(Extracted records)
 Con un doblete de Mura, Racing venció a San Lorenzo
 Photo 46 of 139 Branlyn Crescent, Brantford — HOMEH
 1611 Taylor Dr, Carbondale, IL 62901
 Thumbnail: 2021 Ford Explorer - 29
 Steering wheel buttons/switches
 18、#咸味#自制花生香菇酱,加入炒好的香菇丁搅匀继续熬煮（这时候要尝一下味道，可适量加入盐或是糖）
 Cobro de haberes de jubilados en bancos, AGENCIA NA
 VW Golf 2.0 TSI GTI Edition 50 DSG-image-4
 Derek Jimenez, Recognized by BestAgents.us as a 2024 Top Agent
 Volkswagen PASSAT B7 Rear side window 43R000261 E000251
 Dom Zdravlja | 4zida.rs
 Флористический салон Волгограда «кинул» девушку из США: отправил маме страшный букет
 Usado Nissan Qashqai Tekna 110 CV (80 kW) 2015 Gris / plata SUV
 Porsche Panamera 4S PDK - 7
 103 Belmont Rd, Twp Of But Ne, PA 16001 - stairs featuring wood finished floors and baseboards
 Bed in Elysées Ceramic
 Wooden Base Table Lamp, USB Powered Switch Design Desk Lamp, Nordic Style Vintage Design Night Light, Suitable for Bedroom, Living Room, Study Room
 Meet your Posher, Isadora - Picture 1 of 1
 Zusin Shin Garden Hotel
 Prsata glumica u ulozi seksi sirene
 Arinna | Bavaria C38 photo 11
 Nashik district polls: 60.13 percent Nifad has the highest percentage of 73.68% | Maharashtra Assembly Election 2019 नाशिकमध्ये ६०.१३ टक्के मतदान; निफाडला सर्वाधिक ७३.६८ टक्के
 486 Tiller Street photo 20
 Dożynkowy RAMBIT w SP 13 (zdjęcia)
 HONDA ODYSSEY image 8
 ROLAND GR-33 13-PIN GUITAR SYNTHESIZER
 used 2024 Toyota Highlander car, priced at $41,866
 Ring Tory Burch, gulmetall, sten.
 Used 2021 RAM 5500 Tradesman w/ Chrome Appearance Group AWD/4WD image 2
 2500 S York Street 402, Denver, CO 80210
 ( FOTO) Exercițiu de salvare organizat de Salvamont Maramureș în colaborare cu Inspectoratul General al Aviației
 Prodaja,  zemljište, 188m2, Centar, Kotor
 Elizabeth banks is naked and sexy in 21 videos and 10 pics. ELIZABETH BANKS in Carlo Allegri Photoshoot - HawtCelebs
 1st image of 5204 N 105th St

What you need to do →
The answer should contain every line of the data, unchanged.

Solution to this task →
 Con un doblete de Mura, Racing venció a San Lorenzo
 Photo 46 of 139 Branlyn Crescent, Brantford — HOMEH
 1611 Taylor Dr, Carbondale, IL 62901
 Thumbnail: 2021 Ford Explorer - 29
 Steering wheel buttons/switches
 18、#咸味#自制花生香菇酱,加入炒好的香菇丁搅匀继续熬煮（这时候要尝一下味道，可适量加入盐或是糖）
 Cobro de haberes de jubilados en bancos, AGENCIA NA
 VW Golf 2.0 TSI GTI Edition 50 DSG-image-4
 Derek Jimenez, Recognized by BestAgents.us as a 2024 Top Agent
 Volkswagen PASSAT B7 Rear side window 43R000261 E000251
 Dom Zdravlja | 4zida.rs
 Флористический салон Волгограда «кинул» девушку из США: отправил маме страшный букет
 Usado Nissan Qashqai Tekna 110 CV (80 kW) 2015 Gris / plata SUV
 Porsche Panamera 4S PDK - 7
 103 Belmont Rd, Twp Of But Ne, PA 16001 - stairs featuring wood finished floors and baseboards
 Bed in Elysées Ceramic
 Wooden Base Table Lamp, USB Powered Switch Design Desk Lamp, Nordic Style Vintage Design Night Light, Suitable for Bedroom, Living Room, Study Room
 Meet your Posher, Isadora - Picture 1 of 1
 Zusin Shin Garden Hotel
 Prsata glumica u ulozi seksi sirene
 Arinna | Bavaria C38 photo 11
 Nashik district polls: 60.13 percent Nifad has the highest percentage of 73.68% | Maharashtra Assembly Election 2019 नाशिकमध्ये ६०.१३ टक्के मतदान; निफाडला सर्वाधिक ७३.६८ टक्के
 486 Tiller Street photo 20
 Dożynkowy RAMBIT w SP 13 (zdjęcia)
 HONDA ODYSSEY image 8
 ROLAND GR-33 13-PIN GUITAR SYNTHESIZER
 used 2024 Toyota Highlander car, priced at $41,866
 Ring Tory Burch, gulmetall, sten.
 Used 2021 RAM 5500 Tradesman w/ Chrome Appearance Group AWD/4WD image 2
 2500 S York Street 402, Denver, CO 80210
 ( FOTO) Exercițiu de salvare organizat de Salvamont Maramureș în colaborare cu Inspectoratul General al Aviației
 Prodaja,  zemljište, 188m2, Centar, Kotor
 Elizabeth banks is naked and sexy in 21 videos and 10 pics. ELIZABETH BANKS in Carlo Allegri Photoshoot - HawtCelebs
 1st image of 5204 N 105th St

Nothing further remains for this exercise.